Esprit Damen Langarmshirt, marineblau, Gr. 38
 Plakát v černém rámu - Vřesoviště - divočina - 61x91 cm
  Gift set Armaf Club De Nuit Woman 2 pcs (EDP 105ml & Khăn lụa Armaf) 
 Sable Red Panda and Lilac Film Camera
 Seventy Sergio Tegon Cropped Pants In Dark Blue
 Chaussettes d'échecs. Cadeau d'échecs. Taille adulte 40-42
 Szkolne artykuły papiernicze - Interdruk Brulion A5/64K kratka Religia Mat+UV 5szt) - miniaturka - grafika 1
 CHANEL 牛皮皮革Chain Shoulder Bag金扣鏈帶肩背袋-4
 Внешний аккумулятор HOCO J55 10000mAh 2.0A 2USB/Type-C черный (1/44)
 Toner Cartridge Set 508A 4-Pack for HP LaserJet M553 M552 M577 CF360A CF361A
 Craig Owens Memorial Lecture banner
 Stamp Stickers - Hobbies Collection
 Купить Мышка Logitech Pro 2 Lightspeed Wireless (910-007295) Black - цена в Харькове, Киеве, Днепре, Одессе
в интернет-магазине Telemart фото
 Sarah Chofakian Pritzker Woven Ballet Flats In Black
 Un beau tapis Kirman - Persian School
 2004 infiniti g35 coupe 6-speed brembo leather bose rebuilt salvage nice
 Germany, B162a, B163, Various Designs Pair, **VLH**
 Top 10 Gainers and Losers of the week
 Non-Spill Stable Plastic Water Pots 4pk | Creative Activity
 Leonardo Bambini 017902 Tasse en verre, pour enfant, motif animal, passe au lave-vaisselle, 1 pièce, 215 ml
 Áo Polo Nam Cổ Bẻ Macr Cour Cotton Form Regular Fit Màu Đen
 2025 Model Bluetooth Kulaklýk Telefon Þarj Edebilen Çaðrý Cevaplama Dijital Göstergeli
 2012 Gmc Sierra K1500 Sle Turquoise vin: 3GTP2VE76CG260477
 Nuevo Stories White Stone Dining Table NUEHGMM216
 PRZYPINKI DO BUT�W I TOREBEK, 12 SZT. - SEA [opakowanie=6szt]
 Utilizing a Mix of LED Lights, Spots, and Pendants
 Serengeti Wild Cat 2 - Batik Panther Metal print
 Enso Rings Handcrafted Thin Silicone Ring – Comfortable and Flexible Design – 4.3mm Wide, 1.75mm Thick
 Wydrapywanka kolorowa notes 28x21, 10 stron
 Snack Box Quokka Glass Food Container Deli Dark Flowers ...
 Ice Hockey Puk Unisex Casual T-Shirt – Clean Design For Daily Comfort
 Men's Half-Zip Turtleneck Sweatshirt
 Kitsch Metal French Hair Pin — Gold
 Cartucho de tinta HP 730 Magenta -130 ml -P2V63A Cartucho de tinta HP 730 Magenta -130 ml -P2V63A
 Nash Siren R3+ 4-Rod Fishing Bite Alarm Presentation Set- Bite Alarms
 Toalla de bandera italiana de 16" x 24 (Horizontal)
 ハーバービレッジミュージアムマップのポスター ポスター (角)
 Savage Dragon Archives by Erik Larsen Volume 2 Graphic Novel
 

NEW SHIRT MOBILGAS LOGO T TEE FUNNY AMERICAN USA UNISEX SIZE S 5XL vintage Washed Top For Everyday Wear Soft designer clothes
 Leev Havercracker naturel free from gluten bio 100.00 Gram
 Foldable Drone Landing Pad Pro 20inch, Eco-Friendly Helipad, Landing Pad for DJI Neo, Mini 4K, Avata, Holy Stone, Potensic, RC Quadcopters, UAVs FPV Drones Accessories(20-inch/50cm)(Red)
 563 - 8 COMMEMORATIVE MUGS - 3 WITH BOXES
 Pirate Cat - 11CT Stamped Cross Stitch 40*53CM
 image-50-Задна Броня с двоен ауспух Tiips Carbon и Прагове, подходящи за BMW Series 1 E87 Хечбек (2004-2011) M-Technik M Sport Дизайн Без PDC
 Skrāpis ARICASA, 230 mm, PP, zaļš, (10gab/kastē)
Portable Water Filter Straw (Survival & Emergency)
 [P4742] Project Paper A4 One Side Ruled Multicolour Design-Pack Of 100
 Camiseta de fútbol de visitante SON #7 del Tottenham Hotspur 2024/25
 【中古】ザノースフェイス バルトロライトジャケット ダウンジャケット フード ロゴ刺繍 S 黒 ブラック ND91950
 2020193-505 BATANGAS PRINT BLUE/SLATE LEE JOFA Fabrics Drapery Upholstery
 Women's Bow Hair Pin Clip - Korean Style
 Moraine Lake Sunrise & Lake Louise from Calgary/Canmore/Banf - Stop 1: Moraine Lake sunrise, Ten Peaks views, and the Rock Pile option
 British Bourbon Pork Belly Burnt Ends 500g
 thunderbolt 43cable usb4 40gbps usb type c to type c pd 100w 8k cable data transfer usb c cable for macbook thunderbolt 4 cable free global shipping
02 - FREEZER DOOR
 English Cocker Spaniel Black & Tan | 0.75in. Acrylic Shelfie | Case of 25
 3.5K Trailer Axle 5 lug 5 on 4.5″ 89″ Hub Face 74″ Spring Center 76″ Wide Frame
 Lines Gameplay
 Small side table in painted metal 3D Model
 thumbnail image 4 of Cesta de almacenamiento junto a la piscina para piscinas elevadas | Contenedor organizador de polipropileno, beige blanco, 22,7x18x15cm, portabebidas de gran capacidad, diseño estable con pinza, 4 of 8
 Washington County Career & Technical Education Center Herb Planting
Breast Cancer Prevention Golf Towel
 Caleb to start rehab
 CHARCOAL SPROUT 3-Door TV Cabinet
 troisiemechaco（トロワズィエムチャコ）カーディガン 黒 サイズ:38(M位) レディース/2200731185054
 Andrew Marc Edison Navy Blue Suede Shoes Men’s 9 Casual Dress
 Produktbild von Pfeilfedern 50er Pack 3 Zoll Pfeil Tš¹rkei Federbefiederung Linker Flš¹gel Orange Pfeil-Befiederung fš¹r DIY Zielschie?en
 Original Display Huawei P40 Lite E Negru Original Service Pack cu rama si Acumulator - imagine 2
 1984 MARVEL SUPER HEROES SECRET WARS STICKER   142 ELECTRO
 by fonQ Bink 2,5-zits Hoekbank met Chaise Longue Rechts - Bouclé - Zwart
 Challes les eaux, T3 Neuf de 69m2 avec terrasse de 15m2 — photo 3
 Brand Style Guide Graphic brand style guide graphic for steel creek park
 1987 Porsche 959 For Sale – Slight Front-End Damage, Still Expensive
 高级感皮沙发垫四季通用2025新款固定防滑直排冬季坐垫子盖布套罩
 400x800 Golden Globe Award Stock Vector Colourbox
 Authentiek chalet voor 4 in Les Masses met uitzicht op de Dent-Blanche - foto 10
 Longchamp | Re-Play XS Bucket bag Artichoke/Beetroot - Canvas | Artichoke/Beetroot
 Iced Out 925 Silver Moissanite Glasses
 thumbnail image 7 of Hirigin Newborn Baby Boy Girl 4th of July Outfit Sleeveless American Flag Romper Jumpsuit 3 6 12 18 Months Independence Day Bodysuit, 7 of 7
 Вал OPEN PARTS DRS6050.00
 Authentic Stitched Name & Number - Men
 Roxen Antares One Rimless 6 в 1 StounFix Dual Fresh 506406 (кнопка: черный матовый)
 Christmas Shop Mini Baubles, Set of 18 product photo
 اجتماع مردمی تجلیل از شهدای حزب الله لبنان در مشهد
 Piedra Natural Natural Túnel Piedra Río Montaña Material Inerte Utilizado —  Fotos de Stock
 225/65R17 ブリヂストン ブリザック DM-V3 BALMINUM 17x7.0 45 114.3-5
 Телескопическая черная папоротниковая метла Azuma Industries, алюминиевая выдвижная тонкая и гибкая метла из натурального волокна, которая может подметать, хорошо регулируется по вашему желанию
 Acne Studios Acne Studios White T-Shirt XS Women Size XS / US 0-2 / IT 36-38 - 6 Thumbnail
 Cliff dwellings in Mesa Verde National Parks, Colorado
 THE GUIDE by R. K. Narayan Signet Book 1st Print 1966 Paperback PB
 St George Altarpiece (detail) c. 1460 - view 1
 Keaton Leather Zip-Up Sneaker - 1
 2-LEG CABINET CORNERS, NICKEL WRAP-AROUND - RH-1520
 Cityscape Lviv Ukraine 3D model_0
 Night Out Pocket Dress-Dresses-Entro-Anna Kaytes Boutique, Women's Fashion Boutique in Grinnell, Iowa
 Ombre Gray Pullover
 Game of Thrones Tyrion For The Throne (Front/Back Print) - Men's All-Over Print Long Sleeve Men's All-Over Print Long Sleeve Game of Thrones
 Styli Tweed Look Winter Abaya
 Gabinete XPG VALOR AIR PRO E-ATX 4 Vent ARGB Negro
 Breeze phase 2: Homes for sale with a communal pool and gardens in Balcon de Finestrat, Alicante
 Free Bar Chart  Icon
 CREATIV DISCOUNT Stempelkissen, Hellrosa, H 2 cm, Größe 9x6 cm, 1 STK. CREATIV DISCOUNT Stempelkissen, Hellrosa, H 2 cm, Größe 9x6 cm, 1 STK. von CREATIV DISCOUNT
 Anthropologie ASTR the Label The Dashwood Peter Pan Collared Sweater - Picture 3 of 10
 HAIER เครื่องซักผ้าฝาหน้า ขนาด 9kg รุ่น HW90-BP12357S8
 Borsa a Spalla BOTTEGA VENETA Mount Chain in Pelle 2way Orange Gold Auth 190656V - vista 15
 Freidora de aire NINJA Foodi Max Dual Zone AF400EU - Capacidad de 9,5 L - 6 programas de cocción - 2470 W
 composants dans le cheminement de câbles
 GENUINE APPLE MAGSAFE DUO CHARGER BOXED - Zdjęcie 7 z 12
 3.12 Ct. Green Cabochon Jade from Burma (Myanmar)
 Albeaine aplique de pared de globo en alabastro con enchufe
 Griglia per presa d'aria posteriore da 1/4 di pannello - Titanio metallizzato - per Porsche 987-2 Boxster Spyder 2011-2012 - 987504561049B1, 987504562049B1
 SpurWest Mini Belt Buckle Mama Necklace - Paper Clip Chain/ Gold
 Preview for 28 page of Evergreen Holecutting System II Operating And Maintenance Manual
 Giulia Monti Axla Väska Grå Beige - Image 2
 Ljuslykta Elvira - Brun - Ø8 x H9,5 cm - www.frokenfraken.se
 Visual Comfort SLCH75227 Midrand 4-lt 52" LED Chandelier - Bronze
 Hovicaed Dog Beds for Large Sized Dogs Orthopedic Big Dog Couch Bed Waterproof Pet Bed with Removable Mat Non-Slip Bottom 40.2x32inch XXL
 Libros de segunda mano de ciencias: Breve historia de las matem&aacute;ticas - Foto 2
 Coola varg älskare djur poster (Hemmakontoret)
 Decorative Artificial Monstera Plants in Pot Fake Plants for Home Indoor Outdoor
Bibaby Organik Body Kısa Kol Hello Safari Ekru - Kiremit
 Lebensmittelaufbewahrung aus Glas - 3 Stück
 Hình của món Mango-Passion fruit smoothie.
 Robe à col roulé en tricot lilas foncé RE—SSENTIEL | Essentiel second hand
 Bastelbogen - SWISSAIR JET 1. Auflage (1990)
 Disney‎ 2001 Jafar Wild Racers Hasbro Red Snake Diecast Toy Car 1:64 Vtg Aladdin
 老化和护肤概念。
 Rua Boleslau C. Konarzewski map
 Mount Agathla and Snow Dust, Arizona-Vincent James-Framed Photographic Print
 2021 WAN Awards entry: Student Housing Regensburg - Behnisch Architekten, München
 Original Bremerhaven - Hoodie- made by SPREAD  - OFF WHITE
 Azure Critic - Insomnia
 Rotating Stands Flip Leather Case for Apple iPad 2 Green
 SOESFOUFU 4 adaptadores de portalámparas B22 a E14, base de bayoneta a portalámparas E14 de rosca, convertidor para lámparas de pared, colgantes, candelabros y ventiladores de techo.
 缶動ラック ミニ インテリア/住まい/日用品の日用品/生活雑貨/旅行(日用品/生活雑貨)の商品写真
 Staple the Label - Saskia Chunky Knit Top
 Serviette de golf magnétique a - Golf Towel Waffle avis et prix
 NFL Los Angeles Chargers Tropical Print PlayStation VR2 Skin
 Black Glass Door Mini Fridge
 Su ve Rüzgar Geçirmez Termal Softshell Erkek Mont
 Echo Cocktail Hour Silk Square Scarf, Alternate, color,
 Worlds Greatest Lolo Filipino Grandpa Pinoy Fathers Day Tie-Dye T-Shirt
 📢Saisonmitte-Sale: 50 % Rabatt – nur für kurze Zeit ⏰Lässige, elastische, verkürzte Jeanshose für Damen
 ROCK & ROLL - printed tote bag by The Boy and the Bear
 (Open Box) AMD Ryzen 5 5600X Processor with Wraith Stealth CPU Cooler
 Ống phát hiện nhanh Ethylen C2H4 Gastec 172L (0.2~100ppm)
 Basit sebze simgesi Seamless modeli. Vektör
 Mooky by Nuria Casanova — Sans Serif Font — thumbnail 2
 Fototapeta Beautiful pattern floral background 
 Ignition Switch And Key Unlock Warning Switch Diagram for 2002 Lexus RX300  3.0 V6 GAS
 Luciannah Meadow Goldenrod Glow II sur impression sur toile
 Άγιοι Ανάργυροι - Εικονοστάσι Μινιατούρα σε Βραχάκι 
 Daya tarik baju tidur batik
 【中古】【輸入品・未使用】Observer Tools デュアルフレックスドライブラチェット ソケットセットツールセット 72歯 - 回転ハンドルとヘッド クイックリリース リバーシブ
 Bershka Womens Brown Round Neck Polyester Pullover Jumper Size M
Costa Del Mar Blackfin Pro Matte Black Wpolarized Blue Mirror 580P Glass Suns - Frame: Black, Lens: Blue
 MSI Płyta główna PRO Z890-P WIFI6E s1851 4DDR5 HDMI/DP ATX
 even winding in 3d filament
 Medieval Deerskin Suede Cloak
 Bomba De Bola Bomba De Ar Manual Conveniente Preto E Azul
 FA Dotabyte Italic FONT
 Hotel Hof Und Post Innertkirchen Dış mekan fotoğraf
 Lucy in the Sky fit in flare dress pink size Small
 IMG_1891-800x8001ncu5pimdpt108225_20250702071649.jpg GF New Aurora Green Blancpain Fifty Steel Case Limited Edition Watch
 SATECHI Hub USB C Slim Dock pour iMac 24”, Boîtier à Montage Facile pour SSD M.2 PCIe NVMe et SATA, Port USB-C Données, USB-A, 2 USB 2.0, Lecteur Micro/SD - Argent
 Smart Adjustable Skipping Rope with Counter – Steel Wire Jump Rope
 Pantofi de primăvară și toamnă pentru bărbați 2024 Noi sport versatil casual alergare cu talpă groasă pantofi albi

+++

> _What the task asks_
All that is needed is the exact run of lines above from the line containing "Enso Rings Handcrafted" through the line containing "Kitsch Metal French Hair Pin — Gold", both of them included.

> _Solution_
 Enso Rings Handcrafted Thin Silicone Ring – Comfortable and Flexible Design – 4.3mm Wide, 1.75mm Thick
 Wydrapywanka kolorowa notes 28x21, 10 stron
 Snack Box Quokka Glass Food Container Deli Dark Flowers ...
 Ice Hockey Puk Unisex Casual T-Shirt – Clean Design For Daily Comfort
 Men's Half-Zip Turtleneck Sweatshirt
 Kitsch Metal French Hair Pin — Gold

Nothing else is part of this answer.